The best part was the topping - mounds of creamy, fluffy, tangy stuff that I mistook for yogurt. Upon extensive research in the land of the interwebs, I discovered that this wonder is called labneh. It's essentially a strained yogurt with a consistency halfway between mascarpone and whipped cream.
Fast forward to Week 2 at a culinary school in the middle of rural Ireland, and what are we making? Labneh. No joke. In between piles of Irish soda bread and the umpteenth rhubarb tart, somehow we are making some obscure Middle Eastern yogurt cheese. Apparently they're ahead of the curve over here, with labneh readily available at most basic supermarkets, whereas at home, it's some exotic new thing. For me, at least.
Anyway, the best thing about labneh is that it is EASY to make yourself. Line a strainer with cheesecloth or paper towel, fill it with full-fat Greek yogurt, and let it drip into a bowl for 4-5 hours. That's it. And if that's too much for you, just use plain old Greek yogurt. The dish will still taste amazing.
Back to that. Spiced up cauliflower, with crunch from hazelnuts, creaminess from labneh, and freshness from mint. A real stunner for your next dinner party.

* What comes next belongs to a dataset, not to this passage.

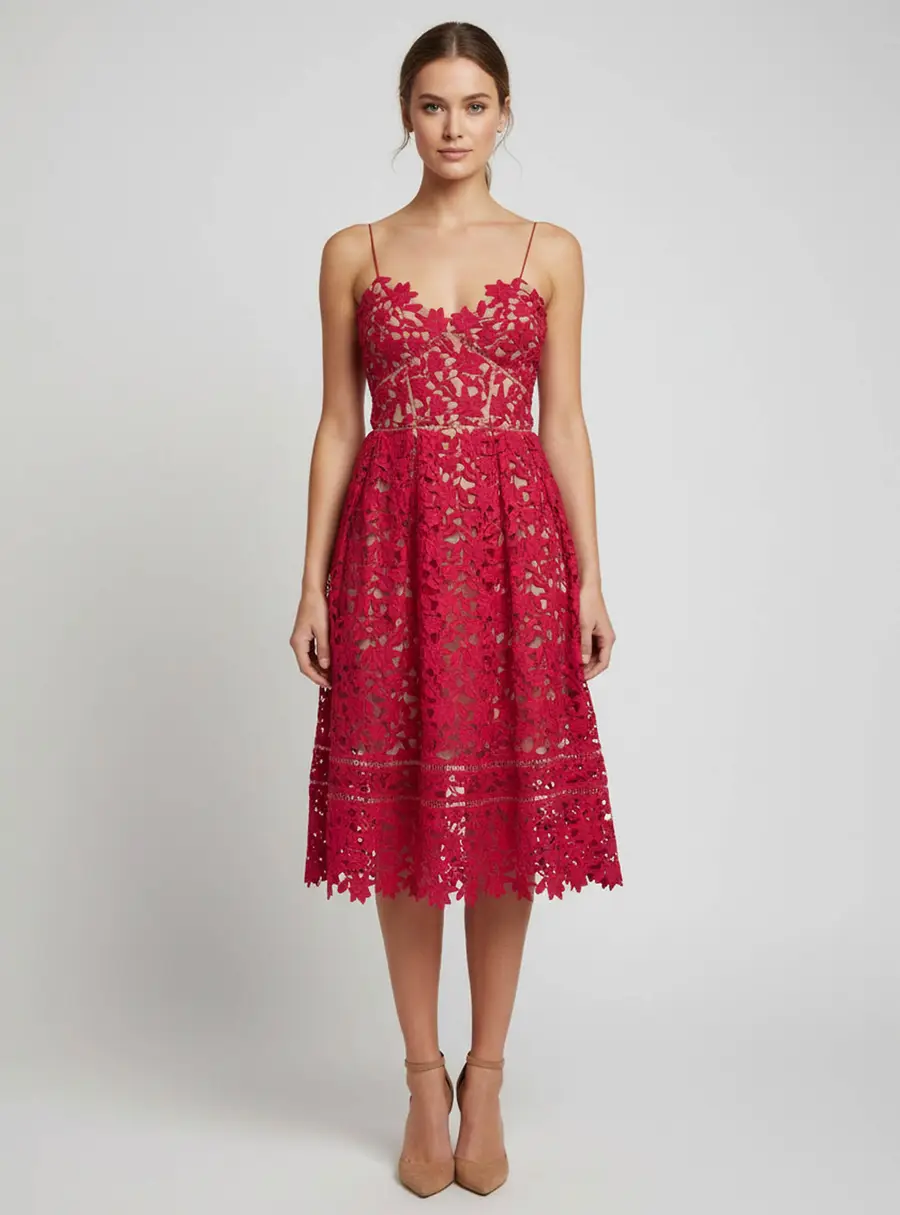 Self-Portrait Pink Floral Guipure Lace Strappy Midi Dress S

Spice-Roasted Cauliflower with Hazelnuts and Labneh
Yield: Serves 6 as a side
Prep Time: 30 min Cook Time: 30 min Total Time: 1 hour plus overnight for labneh
8 oz / 225 g plain yogurt (ideally full fat)
Start labneh at least 4 hours or the night before. Line a strainer with cheesecloth or paper towel and set over a bowl. Pour in yogurt and put in the fridge for at least 4 hours. The liquid will drain out of the yogurt, creating a thick, smooth consistency like mascarpone. Labneh will keep for as long as the yogurt it was made from, so you can do this well in advance.

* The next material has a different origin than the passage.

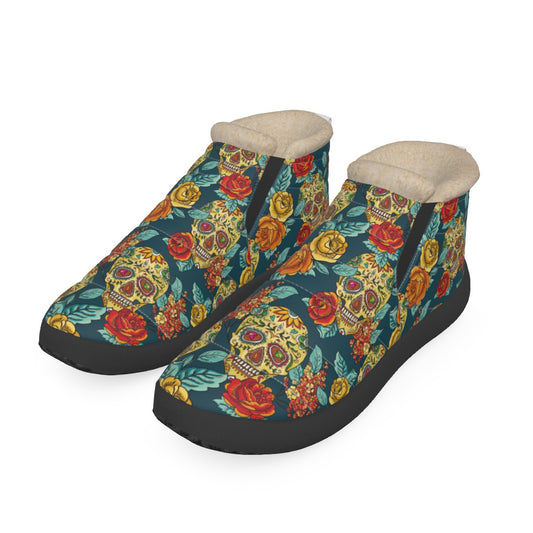 Sugar skull Day of the dead Women's Plush Boots, Mexican skull boots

1 head cauliflower, broken into large florets for roasting (create some flat edges for browning)
Olive oil (about 2 Tbs, divided)
Salt and pepper
2 tsp za'atar, or a mixture of thyme, ground cumin and a touch of cayenne
4 oz / 115 g hazelnuts
3 Tbs sesame seeds
1 tsp coriander
1 tsp cumin
Handful of fresh mint, chopped
Preheat oven to 400F / 200C. Line a baking pan with parchment paper. In a bowl, toss cauliflower with a few glugs of olive oil, salt, pepper and za'tar. Lay out in a single layer, taking care to keep flat sides of florets down so they can brown. Roast for about 30 minutes. Check your oven and turn florets over for the best browning. The smaller pieces should be nicely crisped and the larger ones just barely cooked through. Set aside to cool.
Meanwhile, made the dukkah. Or, you can make the dukkah well in advance and keep in a sealed jar. Pour hazelnuts onto the small baking sheet and toast for 5-8 minutes, making sure you don't burn them. Tip them into a clean dish towel and give them a good rub to remove the skins. Finely chop the hazelnuts and move into a bowl.

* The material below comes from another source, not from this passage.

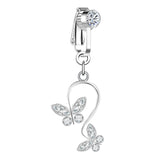 Fake Butterfly Dangle Belly Navel Clip Cubic Zircon Belly Button Ring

Heat a dry skillet over medium heat. Add sesame seeds and toast til lightly browned, 4-5 minutes. Add to hazelnuts. At this point I also toast my coriander and cumin seeds and grind them by hand, or you can just add the pre-ground spices to the hazelnut mixture. (The freshly toasted spices taste much better - it's worth the effort.) Give the whole mixture a good stir. Store the extra dukkah in a glass jar in a cool dark place. It tastes amazing with fresh bread and olive oil.
Arrange the cauliflower on a platter. Shake over a few tablespoons of dukkah. You won't use all of it - use your judgement. You want a good coating for crunch, but too much and the whole thing tastes a bit dusty. Drizzle over some olive oil, then top with dollops of labneh and freshly chopped mint.